In the 2016 rom-com entitled Always Be My Maybe, it tackles with exactly that inquiry. Going into the idea that it is a previous negative experience that makes it so difficult to fulfill and actually make a commitment to, in this case, someone at all.
The movie starts with Jake (played by Gerard Anderson) and Tintin (played by Arci Muñoz) who are dumped by their respective partners. Jake, who was about to finally propose his girlfriend (played by Maika Rivera) after years of dating, is dumped out of his snail-like process towards the ultimate commitment of engagement while Tintin is dumped because the guy (played by Victor Silayan) she was “dating” was just not that into their relationship after all.
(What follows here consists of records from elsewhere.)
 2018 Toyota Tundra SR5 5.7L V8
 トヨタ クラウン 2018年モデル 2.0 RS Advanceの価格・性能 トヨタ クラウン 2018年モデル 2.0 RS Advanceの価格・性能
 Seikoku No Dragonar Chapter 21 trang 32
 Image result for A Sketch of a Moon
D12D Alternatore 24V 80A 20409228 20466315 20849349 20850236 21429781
Months later, the two dumpees meet at the resort owned by Jake’s family and shortly thereafter, they become good friends.
Through their friendship, the two come to learn more on what a guy or girl looks for in a relationship. They also discover more about themselves like how Jake’s talent for photography is not just some plain old hobby but something he is actually passionate about while Tintin re-discovers how to loosen up after her breakup. Inevitably, their great friendship chemistry with one another begins to evolve into something more. After doing makeup for a wedding, Tintin is overcome with great loneliness and calls Jake to ask him to take her out for Valentine’s Day much to the latter’s happy surprise. The night ends with the two finally sleeping together yet the morning-after is seen to be awkward as the two begin to contemplate on what this means for their “friendship”.
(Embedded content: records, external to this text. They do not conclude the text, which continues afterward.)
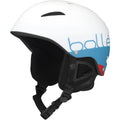 Cască Schi Bolle Bhelm B-Style White Blue Red
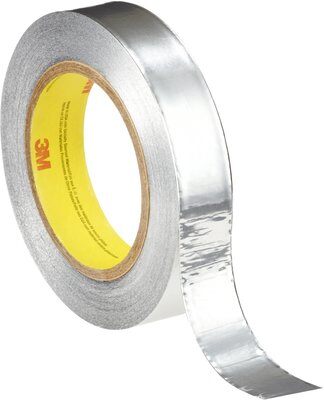 3M 431 Aluminiumklebeband 0.09 25mm x 55m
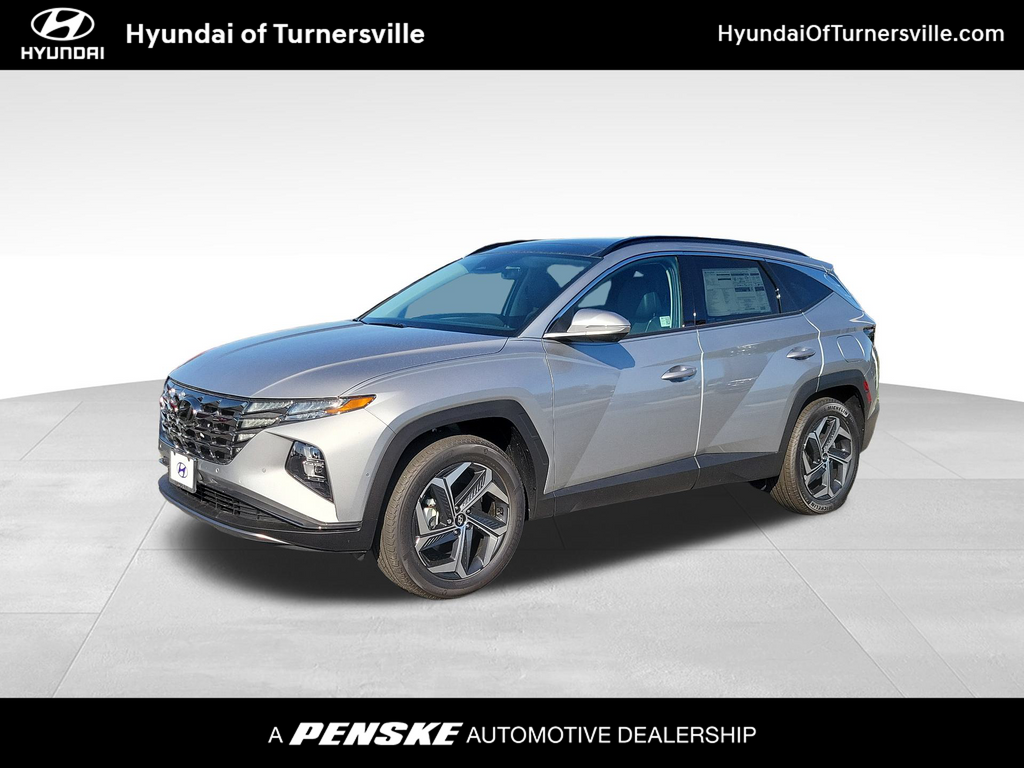 2024 Hyundai Tucson Limited -
                Turnersville, NJ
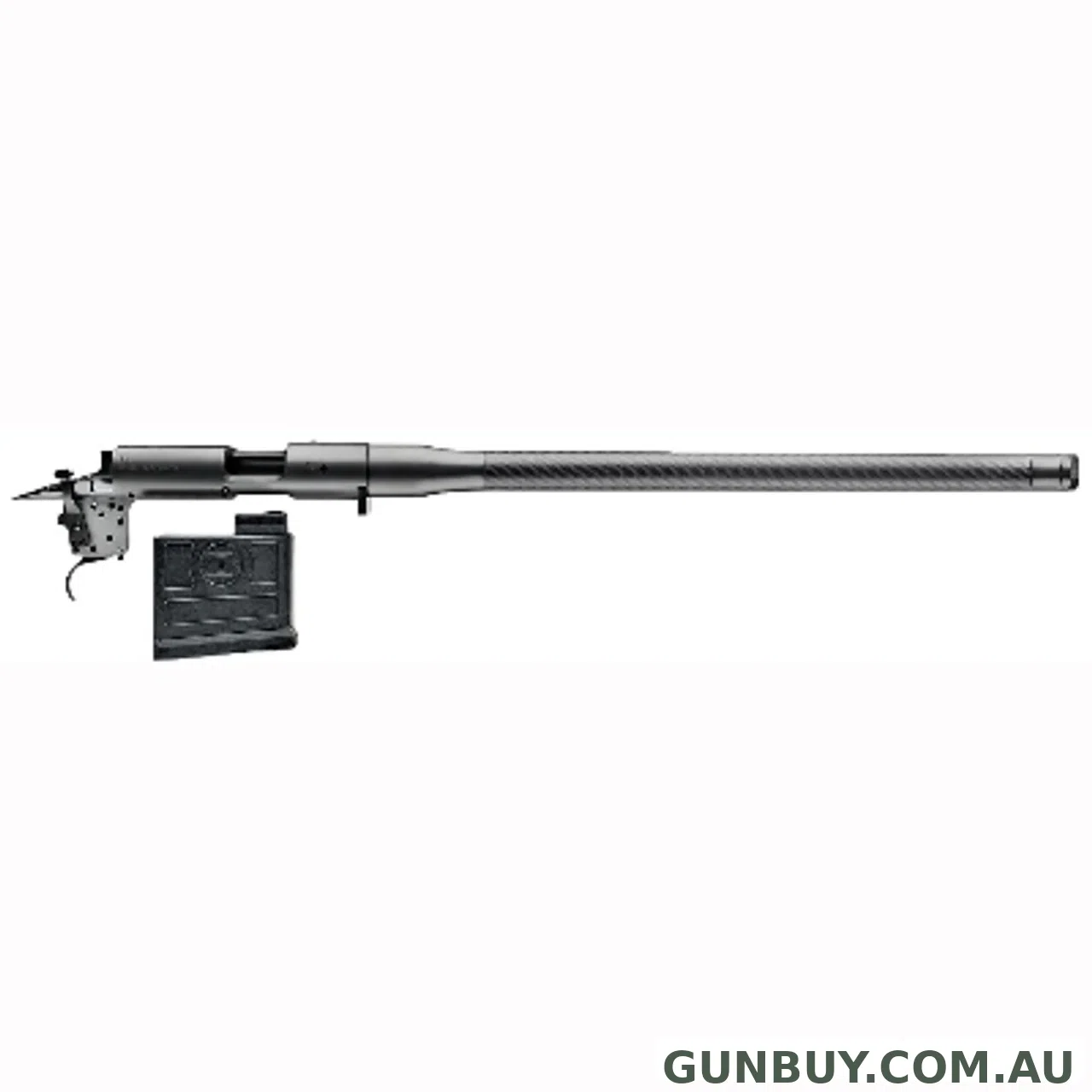 Bergara B14 HMR BARRELED ACTION L/H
Nevertheless, the two begin a relationship, albeit one that was never outright labelled as one, and things seem to go well until Jake’s ex comes back into the picture who kisses him after asking to be taken back. He relays what happened to Tintin who, still traumatized by the high-expectations she set in her previous relationship, ends up becoming paranoid at the idea that Jake might just be like her ex—just not that into her. When Jake witnesses Tintin’s ex kiss her one night, he, too, becomes paranoid over the thought that she is falling for another guy—much like his ex—and the two, over lunch, end up arguing about what they both saw. Tearfully, Jake spills his heart out to Tintin by telling her how he has never once lied to her and that he honestly likes Tintin (so much that he is finally willing to genuinely commit to a relationship with her) but that won’t matter if she won’t come to learn how to trust him. Seeing how Tintin is still reluctant to commit with him, he leaves.
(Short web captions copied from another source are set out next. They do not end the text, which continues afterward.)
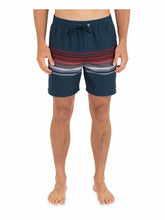 Hurley Discount | Cannonball Volley 17" - Armored Navy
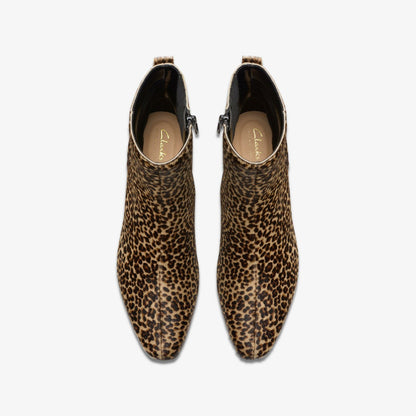 Edina Up Leopard Print | Clarks outlet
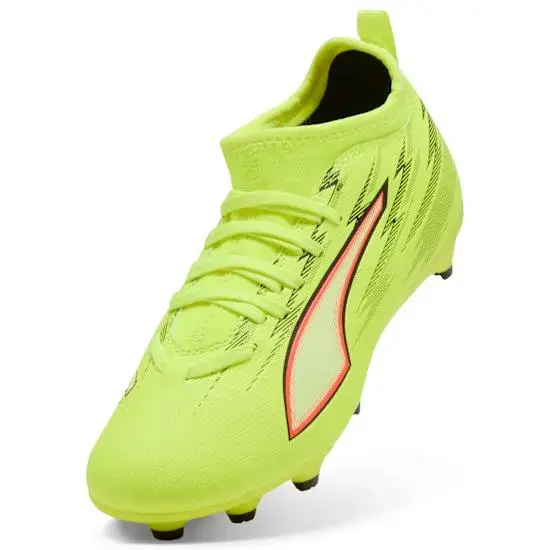 Bērnu futbola apavi Puma Ultra 6 Match FG/AG Photo 6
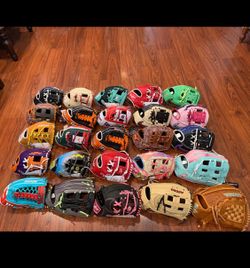 Baseball glove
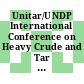 Unitar/UNDP International Conference on Heavy Crude and Tar Sands. 4, preprints vol 2 : Edmonton, 07.08.88-12.08.88.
With some time and advice from friends, Tintin realizes her mistake and goes after Jake who has now started a photography business. She first posts a YouTube video where she tells her viewers (and, in a sense, herself) not to hesitate to tell someone you love them because why risk losing that one person who is also willing to love you back? She then goes to find Jake and apologizes to him who, quickly enough, accepts it and the two then outrightly say their I-love-yous and call themselves boyfriend and girlfriend as the movie ends.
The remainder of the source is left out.